All of this aligns with the increasingly aggressive antitrust measures levelled in the United States and Europe against companies such as Facebook owner Meta Platforms Inc., Google operator Alphabet Inc. and Amazon.com Inc.

Regulators and politicians there have argued that the consumer data collected by these companies and their enormous market capitalizations give them power to strong-arm not just markets and individual competitors, but consumers themselves. Everyday citizens, policy makers argue, often have little choice but to use the world’s top platforms to connect with people, information and commerce, trading away data about their digital travels and reinforcing platform dominance along the way.

Ipsos also reported last week that 88 per cent of Canadians believe the country needs more competition “because it’s too easy for big business to take advantage” of consumers. The subject is a touchy one: People’s online lives are largely shaped by a handful of massive companies, and consumers’ wallets are now being pillaged by levels of inflation not seen in a generation.

While advocates for reform believe current competition policy doesn’t accommodate new ways that data-collecting firms can assert their dominance, other members of the relatively small community of Canadian competition experts argue for a business-as-usual approach, underpinned by faith in the Competition Act’s stringent focus on economic matters.

“You harm economic growth by imposing too many rules and regulations,” said John Pecman, who served as Competition Commissioner from 2013 to 2018. (He is now a senior business adviser at Fasken Martineau DuMoulin LLP, but said he was speaking for himself, not his firm.)

Some regulations being imposed and discussed by U.S. and European regulators, he said, focus on prohibiting some conduct without a chance for review. But “that’s not what competition laws are designed to do,” Mr. Pecman said. “They’re designed to protect the process, not to coddle small players so they can grow.”
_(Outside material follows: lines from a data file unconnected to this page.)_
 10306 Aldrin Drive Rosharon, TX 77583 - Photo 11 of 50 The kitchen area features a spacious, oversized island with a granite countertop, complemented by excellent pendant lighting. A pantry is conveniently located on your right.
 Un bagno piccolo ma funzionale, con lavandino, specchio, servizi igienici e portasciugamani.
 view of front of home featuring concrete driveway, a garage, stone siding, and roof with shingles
Jennifer Quaid, a University of Ottawa law professor who studies competition, says the shallow pool of Canadian competition experts has shaped debate in different ways than in similar countries.

“The people in the competition world like their little world – it’s neat and tidy and delineated,” Prof. Quaid said. But it’s crucial, she added, to examine competition law in the context of the evolving global economy, which other jurisdictions do.
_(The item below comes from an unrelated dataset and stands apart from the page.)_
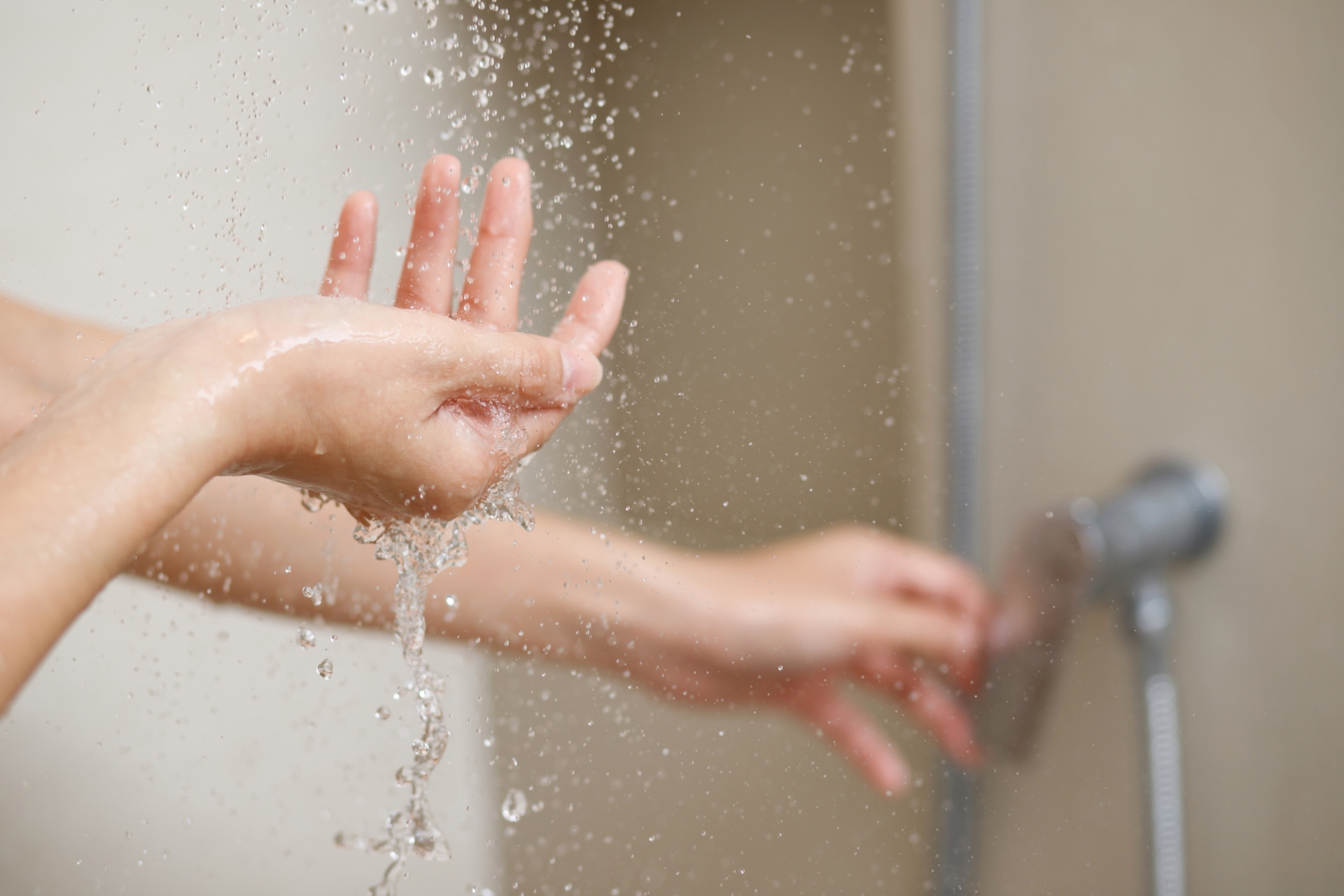 mulher abrindo o registro de água de um chuveiro para tomar banho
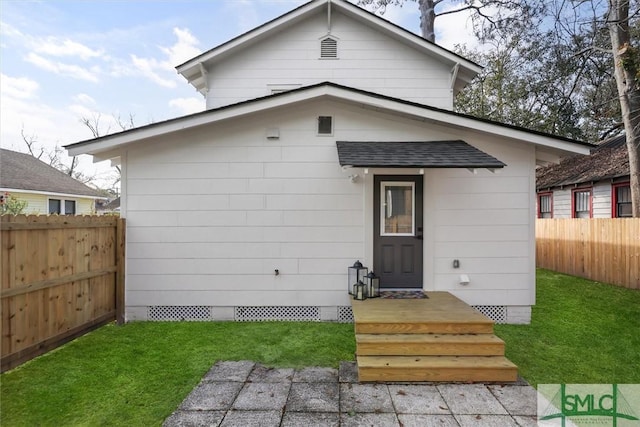 back of house featuring a yard, a shingled roof, and fence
“Canada is not keeping up with the big picture. Yes, competition is part of the big picture. But if you just rely on those who are experts in competition, you’re not going to get much progress.”

The Canadian government appears to have picked its side. Innovation Minister François-Philippe Champagne, whose department oversees the Competition Bureau, said at a Canadian Chamber of Commerce event last week that he hoped antitrust policy could be reformed to respond to the shape-shifting digital economy.
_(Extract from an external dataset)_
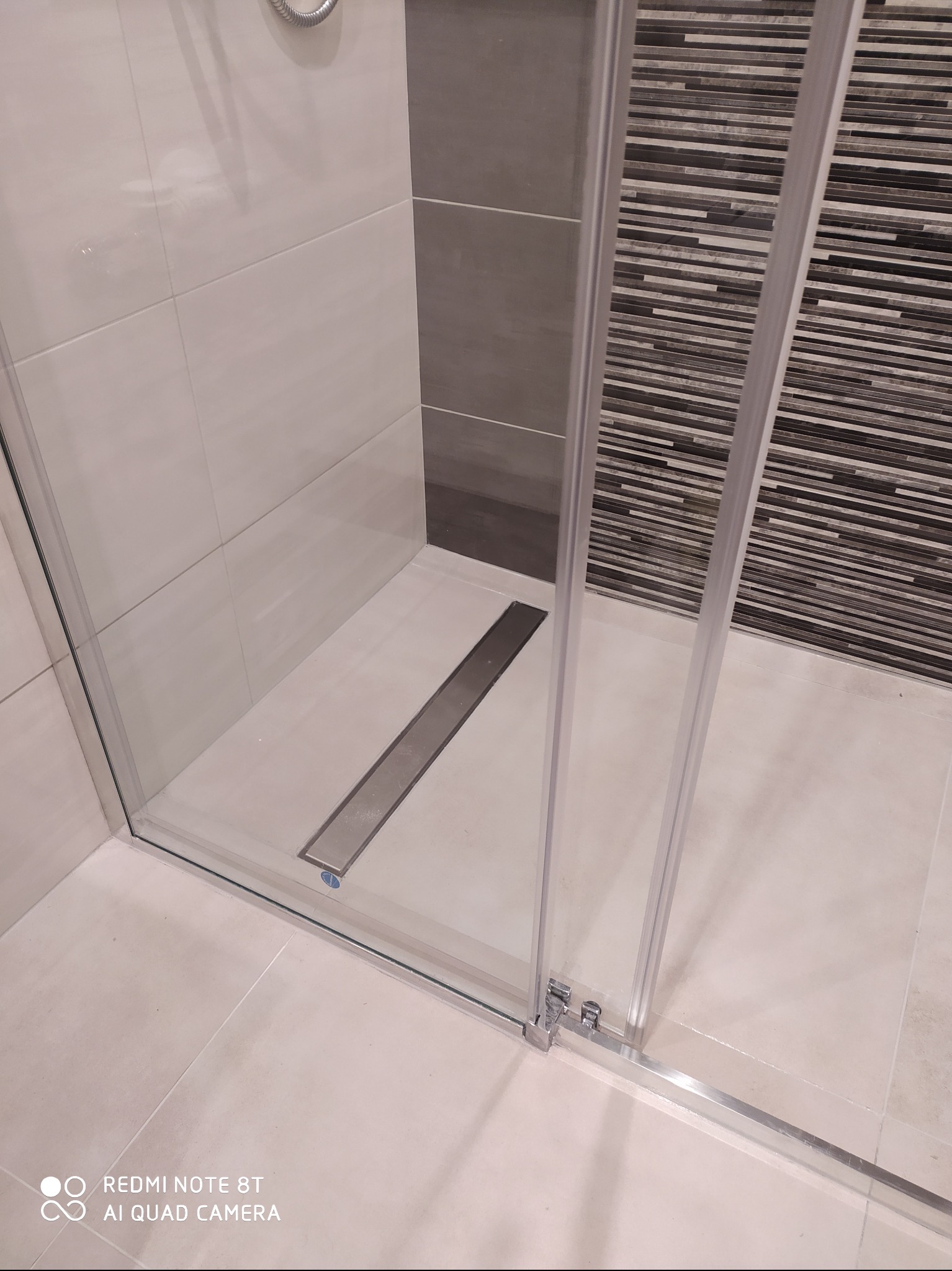 Kabina prysznicowa z odpływem liniowym w nowocześnie wykończonej łazience, widoczne płytki w odcieniach bieli, szarości i czerni.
“I would think the vast majority of Canadians would see that as essential to maintain a competitive environment – to maintain affordability,” he said.

Though matters of competition stretch well beyond today’s biggest tech platforms, those platforms have dominated global discussions around competition in recent years. The bureau is investigating Amazon’s competitive conduct, in part to see if the company might be self-preferencing its own products and services, rather than those of competitors. The bureau is also following the EU in examining Google’s advertising business, including the brokering of YouTube ads. Both companies have said they’re co-operating, and that they work to benefit competitive markets.

Competition Commissioner Matthew Boswell was not available for an interview, but has shown a similar interest in reform, and the bureau released its own recommendations on the matter last week. They included the addition of language that “captures conduct intended to harm competition, and not just conduct intended to harm a competitor,” and updated measures to assess “anti-competitive conduct aimed at emerging competitors in the digital economy.”

Mr. Boswell’s predecessor, Mr. Pecman, said that he commended the bureau for “embracing the traditional purpose of the law” and not “moving wholeheartedly” into increasing regulation.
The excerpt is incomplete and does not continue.